Haskett called the police and told them Rubix's story. She also informed them that her former roommate, Caesar Mendez, had a BB gun and liked to use it for target practice in the basement of their home.

When Mendez was questioned, he initially denied any knowledge, and then said the shooting was an accident. But later, he admitted that the act was deliberate.

"Mr. Mendez is alleged to have acknowledged that he did shoot the cat on multiple occasions, basically because it tried to scratch him once while he was trying to get a pillow," explains Hamilton County Chief Deputy Prosecutor Andre Miksha.

"I don't understand why anyone would hurt anything or anybody or any animal that someone loves," says Haskett. "Rubix is really friendly and has a great personality, but he's an animal. He's going to scratch sometimes."

Mendez is charged with a felony count of torturing an animal.
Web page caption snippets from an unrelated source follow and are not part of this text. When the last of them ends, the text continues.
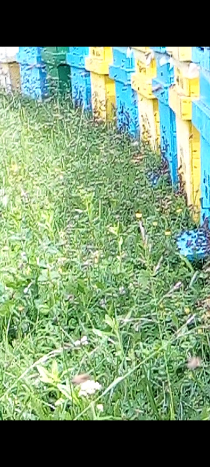 Vand/lichidez stupină, Ciupercenii Noi - Dolj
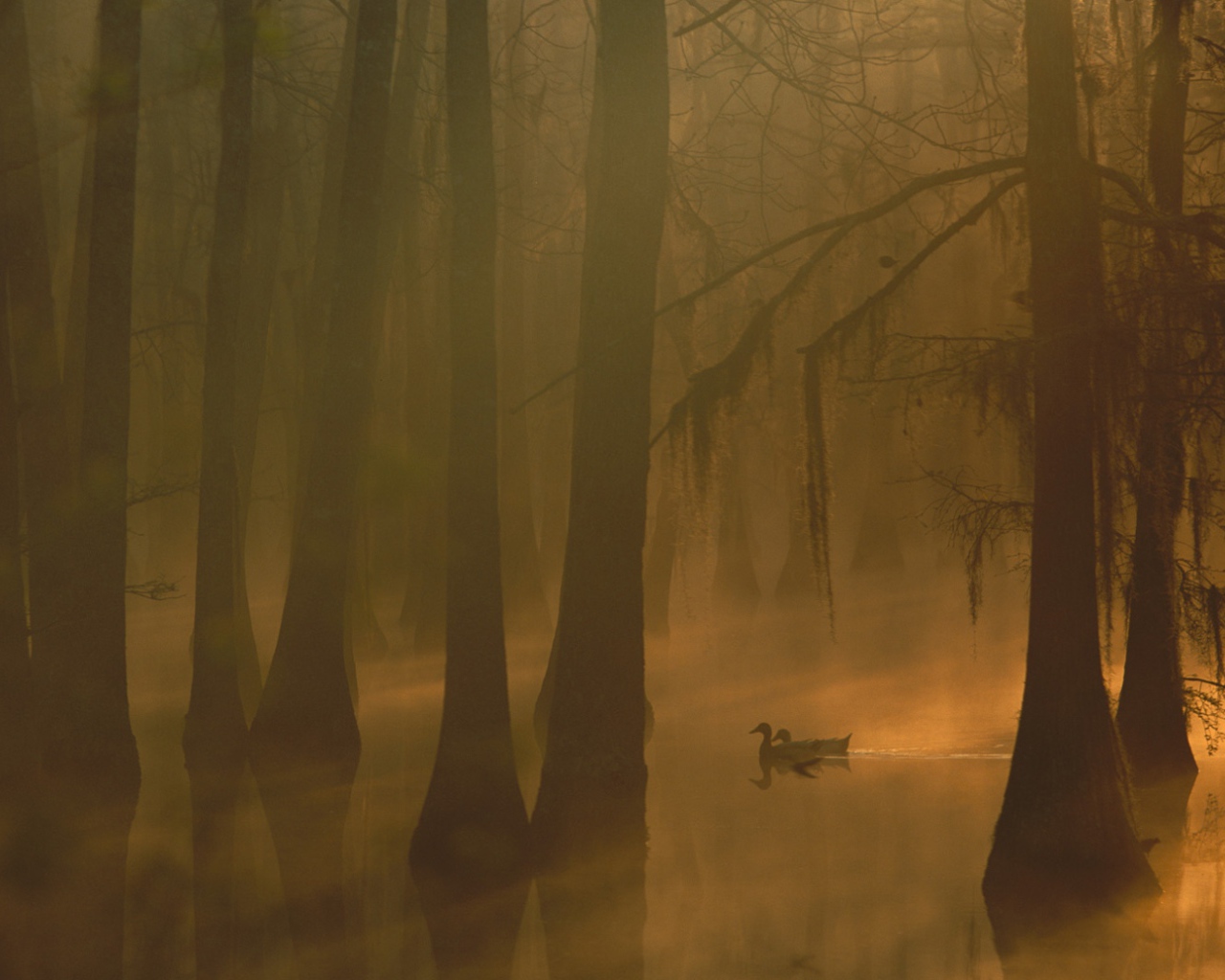 Туман в затопленном лесу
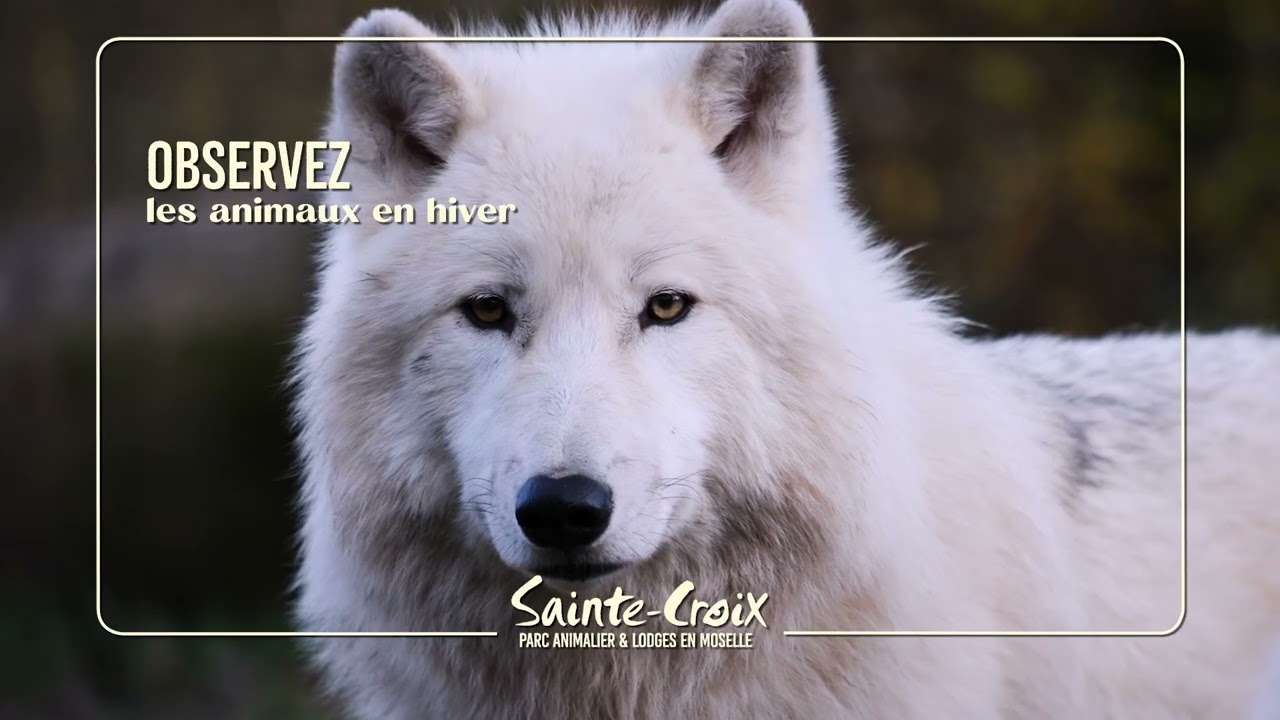 Vivez l'hiver à Sainte-Croix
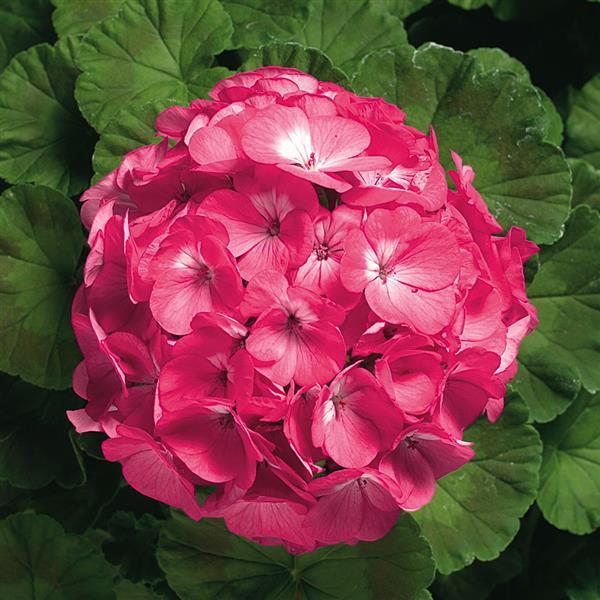 Geranium Ringo 2000 Pink - Bloom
He remained in the Hamilton County Jail on $5,000 bond, but if he's convicted of the Class D felony, he faces a lot more time behind bars -- between six months and three years.

"The legislature has determined, torturing or mutilating an animal like that is serious business," says Miksha.

"It's really unfortunate that he took it out on a helpless animal, when [Rubix] was just acting on his animal instinct to fight someone that's reaching towards him," Haskett says.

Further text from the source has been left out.